-- What you have to do --
Please print all of the entries, matching them exactly.

Records from a dataset
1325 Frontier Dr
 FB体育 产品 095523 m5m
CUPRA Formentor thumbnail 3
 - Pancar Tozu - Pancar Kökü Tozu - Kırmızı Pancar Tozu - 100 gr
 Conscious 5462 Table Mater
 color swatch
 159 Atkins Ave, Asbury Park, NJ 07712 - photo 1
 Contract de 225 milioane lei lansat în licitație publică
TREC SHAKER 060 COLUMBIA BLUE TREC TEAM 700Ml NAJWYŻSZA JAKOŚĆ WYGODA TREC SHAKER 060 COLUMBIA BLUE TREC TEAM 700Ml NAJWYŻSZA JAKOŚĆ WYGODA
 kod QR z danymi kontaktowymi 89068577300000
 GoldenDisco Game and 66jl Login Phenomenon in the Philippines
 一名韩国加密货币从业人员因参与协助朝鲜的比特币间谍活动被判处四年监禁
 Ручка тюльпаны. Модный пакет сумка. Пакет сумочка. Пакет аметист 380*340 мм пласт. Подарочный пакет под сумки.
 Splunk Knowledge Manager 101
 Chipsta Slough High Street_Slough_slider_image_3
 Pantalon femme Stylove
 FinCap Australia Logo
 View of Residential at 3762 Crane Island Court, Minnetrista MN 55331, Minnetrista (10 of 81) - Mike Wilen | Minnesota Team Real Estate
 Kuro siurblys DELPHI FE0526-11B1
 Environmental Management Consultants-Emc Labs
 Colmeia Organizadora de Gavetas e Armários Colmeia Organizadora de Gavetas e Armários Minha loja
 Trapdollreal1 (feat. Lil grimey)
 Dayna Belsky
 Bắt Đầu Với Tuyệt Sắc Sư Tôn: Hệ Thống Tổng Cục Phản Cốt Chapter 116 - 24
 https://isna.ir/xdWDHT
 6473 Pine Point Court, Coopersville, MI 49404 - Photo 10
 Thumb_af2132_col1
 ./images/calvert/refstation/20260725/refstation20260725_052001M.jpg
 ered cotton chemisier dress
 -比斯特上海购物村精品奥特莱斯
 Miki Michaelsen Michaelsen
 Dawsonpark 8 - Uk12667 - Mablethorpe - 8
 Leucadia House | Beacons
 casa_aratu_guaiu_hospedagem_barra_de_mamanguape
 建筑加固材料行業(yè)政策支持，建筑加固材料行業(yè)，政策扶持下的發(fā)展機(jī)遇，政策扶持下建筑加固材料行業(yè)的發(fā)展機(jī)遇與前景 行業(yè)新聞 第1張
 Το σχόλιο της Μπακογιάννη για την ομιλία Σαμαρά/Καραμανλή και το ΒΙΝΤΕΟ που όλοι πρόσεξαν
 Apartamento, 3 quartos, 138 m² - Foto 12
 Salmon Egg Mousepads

-- Task solution --
1325 Frontier Dr
 FB体育 产品 095523 m5m
CUPRA Formentor thumbnail 3
 - Pancar Tozu - Pancar Kökü Tozu - Kırmızı Pancar Tozu - 100 gr
 Conscious 5462 Table Mater
 color swatch
 159 Atkins Ave, Asbury Park, NJ 07712 - photo 1
 Contract de 225 milioane lei lansat în licitație publică
TREC SHAKER 060 COLUMBIA BLUE TREC TEAM 700Ml NAJWYŻSZA JAKOŚĆ WYGODA TREC SHAKER 060 COLUMBIA BLUE TREC TEAM 700Ml NAJWYŻSZA JAKOŚĆ WYGODA
 kod QR z danymi kontaktowymi 89068577300000
 GoldenDisco Game and 66jl Login Phenomenon in the Philippines
 一名韩国加密货币从业人员因参与协助朝鲜的比特币间谍活动被判处四年监禁
 Ручка тюльпаны. Модный пакет сумка. Пакет сумочка. Пакет аметист 380*340 мм пласт. Подарочный пакет под сумки.
 Splunk Knowledge Manager 101
 Chipsta Slough High Street_Slough_slider_image_3
 Pantalon femme Stylove
 FinCap Australia Logo
 View of Residential at 3762 Crane Island Court, Minnetrista MN 55331, Minnetrista (10 of 81) - Mike Wilen | Minnesota Team Real Estate
 Kuro siurblys DELPHI FE0526-11B1
 Environmental Management Consultants-Emc Labs
 Colmeia Organizadora de Gavetas e Armários Colmeia Organizadora de Gavetas e Armários Minha loja
 Trapdollreal1 (feat. Lil grimey)
 Dayna Belsky
 Bắt Đầu Với Tuyệt Sắc Sư Tôn: Hệ Thống Tổng Cục Phản Cốt Chapter 116 - 24
 https://isna.ir/xdWDHT
 6473 Pine Point Court, Coopersville, MI 49404 - Photo 10
 Thumb_af2132_col1
 ./images/calvert/refstation/20260725/refstation20260725_052001M.jpg
 ered cotton chemisier dress
 -比斯特上海购物村精品奥特莱斯
 Miki Michaelsen Michaelsen
 Dawsonpark 8 - Uk12667 - Mablethorpe - 8
 Leucadia House | Beacons
 casa_aratu_guaiu_hospedagem_barra_de_mamanguape
 建筑加固材料行業(yè)政策支持，建筑加固材料行業(yè)，政策扶持下的發(fā)展機(jī)遇，政策扶持下建筑加固材料行業(yè)的發(fā)展機(jī)遇與前景 行業(yè)新聞 第1張
 Το σχόλιο της Μπακογιάννη για την ομιλία Σαμαρά/Καραμανλή και το ΒΙΝΤΕΟ που όλοι πρόσεξαν
 Apartamento, 3 quartos, 138 m² - Foto 12
 Salmon Egg Mousepads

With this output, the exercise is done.